Back in the thirties, one of the most popular spots in Lyon County was a 27-acre track of woodland along the Cottonwood River. This park became a reality through the efforts of interested people, the Garvin Community Club, and Mr. H.C. Garvin a retired Winona businessman. In his youth, Mr. Garvin, was a station agent at Tracy for the Chicago Northwestern Railroad. He became the chief contributor of money and equipment for the park.
As a result of the depression years, many men were out of work. Mr. Howard Bussard administered federal relief funds to pay a crew of men for the labor needed to create a park. Two log cabins were built, a ball diamond cleared, picnic tables built, fireplaces put in many locations and a swimming pool dredged. Mr. Frank Swain was hired as caretaker. He planted many flower beds and made a rock garden. He kept the park mowed and clean.

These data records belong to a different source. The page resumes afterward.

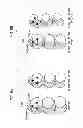 Fig. 06 - Image forming device and image forming method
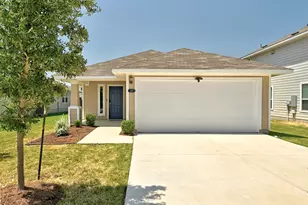 308 Black Opal Dr, Jarrell, TX 76537 - Photo 1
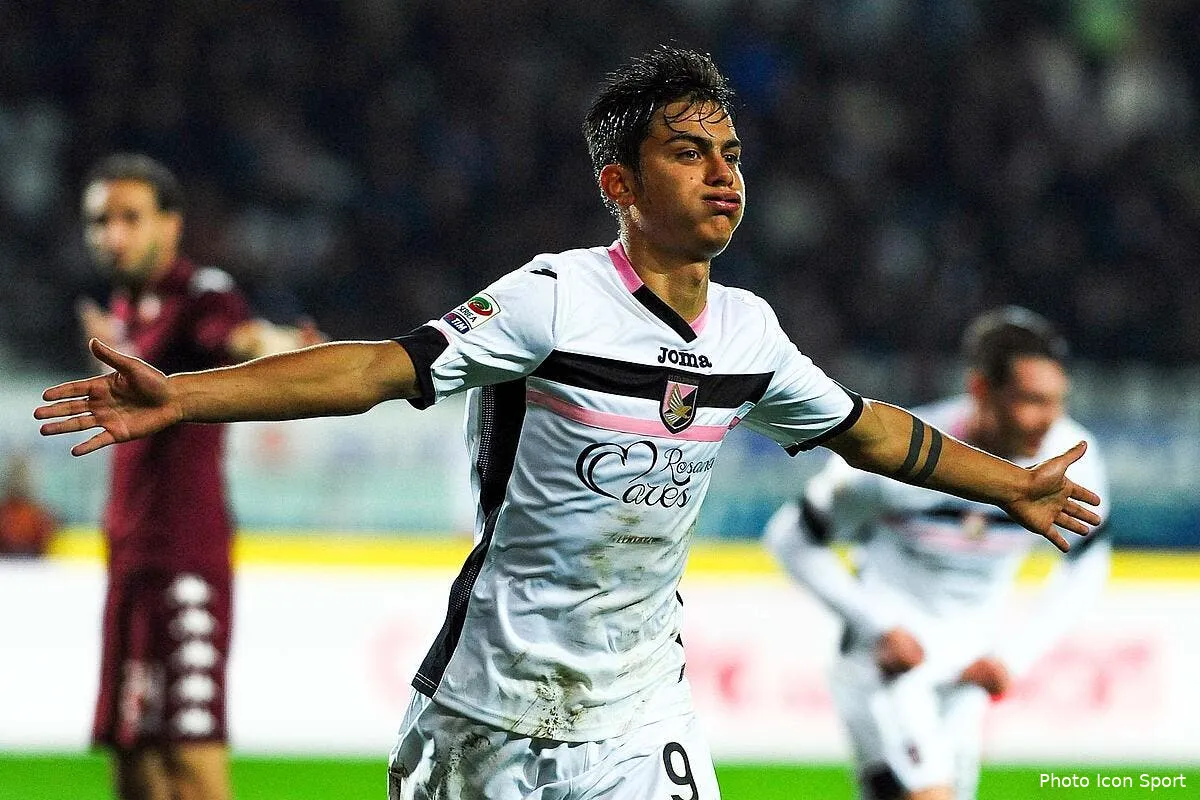 le psg suit une pepite son prix passe a 40 me iconsport ipp 061214 09 05100267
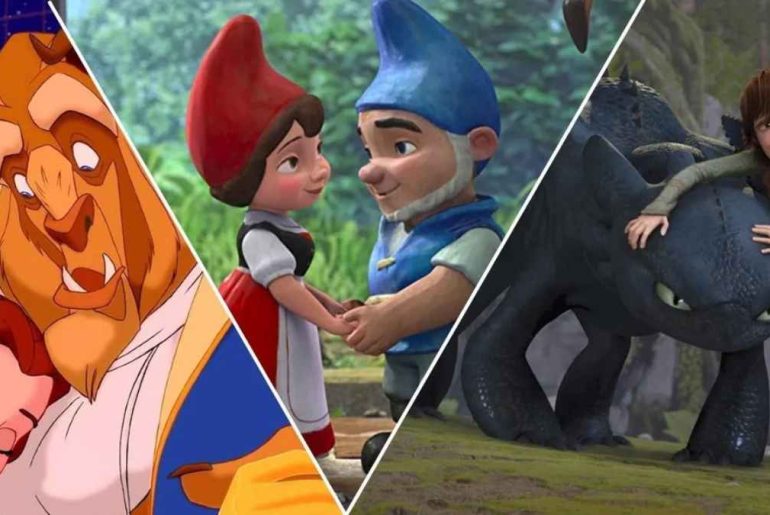 Video Games The Whole Family Will Love Video Games The Whole Family Will Love
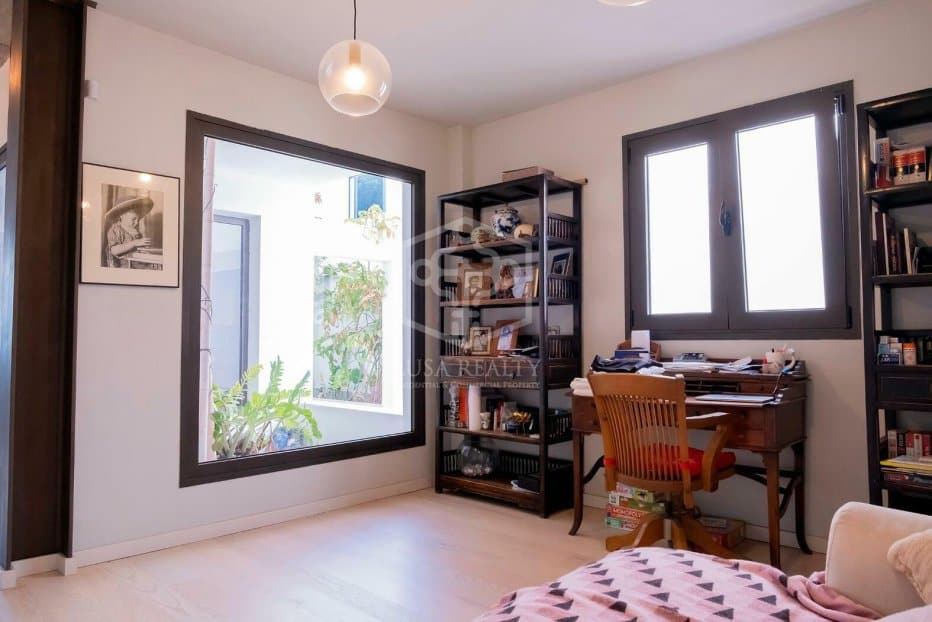 Villa in Adeje, Tenerife, Spanien 5 Schlafzimmer, 550 m2 Nr. 140522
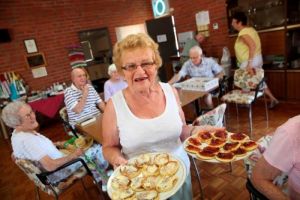 RFBI Cessnock Masonic Village - Aged Care Gold Coast 1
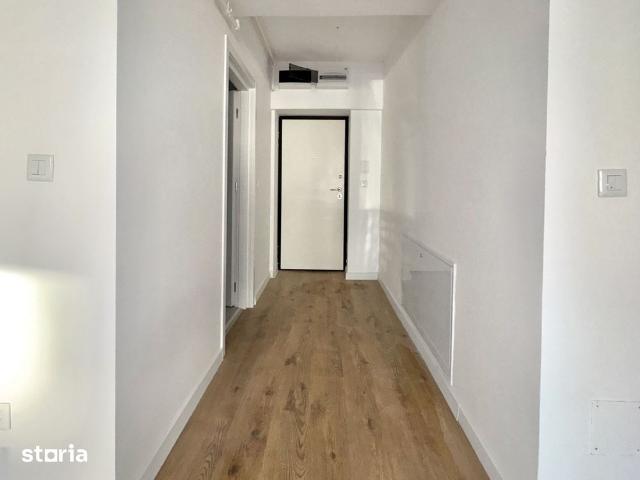 Apartament închirieri în Pipera, Voluntari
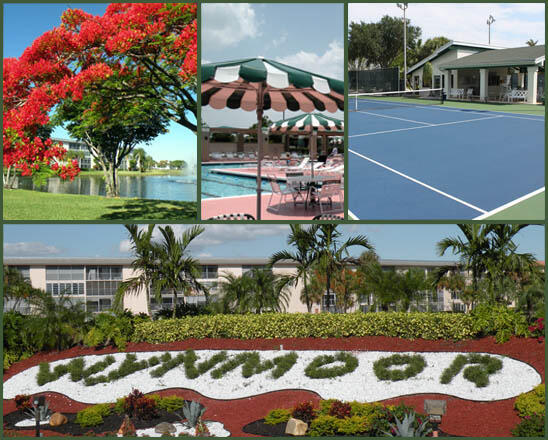 Building Photo - 2903 Victoria Cir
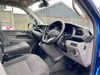Volkswagen Transporter T32 TDI 204 HIGHLINE SWB LOW ROOF DSG AUTO  (22420)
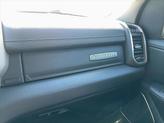 Thumbnail of 2022  RAM 1500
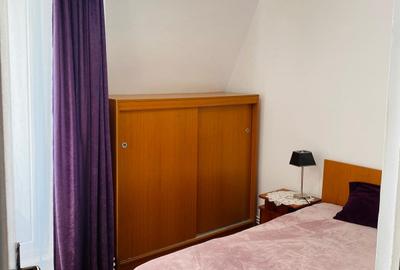 Faleza Nord apartament 3 camere vedere la mare, termen 30 Iulie Faleza Nord apartament 3 camere vedere la mare, termen 30 Iulie - 21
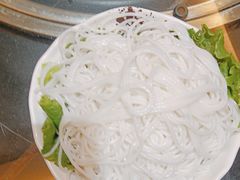 -野菌皇海景野生菌火锅(滨海大道店)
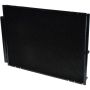 Universal Air Conditioning CN 3281PFXC A/C Condenser -- Condenser Parallel Flow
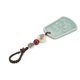 thumbnail image 5 of J702T Power Transistor Ignition Control Module Igniter fit for Mazda Miata 1.6L 1990-1994, 5 of 5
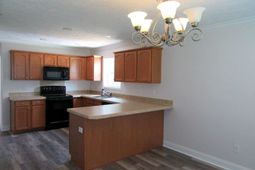 2130 Highway 111  photo 4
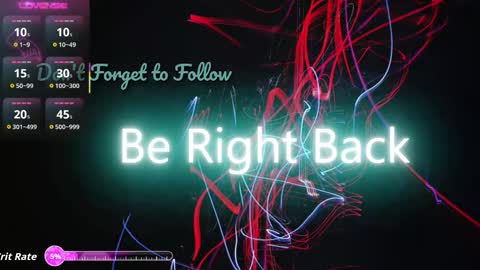 robi_df online show from March 22, 2026, 1:09 am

On May 30, 1935 a crowd of 5,000 attended the dedication event. The park was visited by hundreds during the next years, but spring floods washed away the bridge and destroyed much of the work done. Funds ran low and soon the area reverted to its wild state.
In 1967, the Lyon County Board, together with the Park Advisory Board , levied local funds to match state and federal grants to enlarge Garvin Park by 490 acres and to develop recreational facilities. As of 2001 it is 748 Acres in Size.
As part of the Minnesota River Valley Birding Trail. Garvin Park provides excellent bird habitat for woodland species such as Swainson's Hawk and Spotted Towhee. Rarities such as Summer Tanager and Blue Grosbeak make Garvin Park a worthwhile birding visit.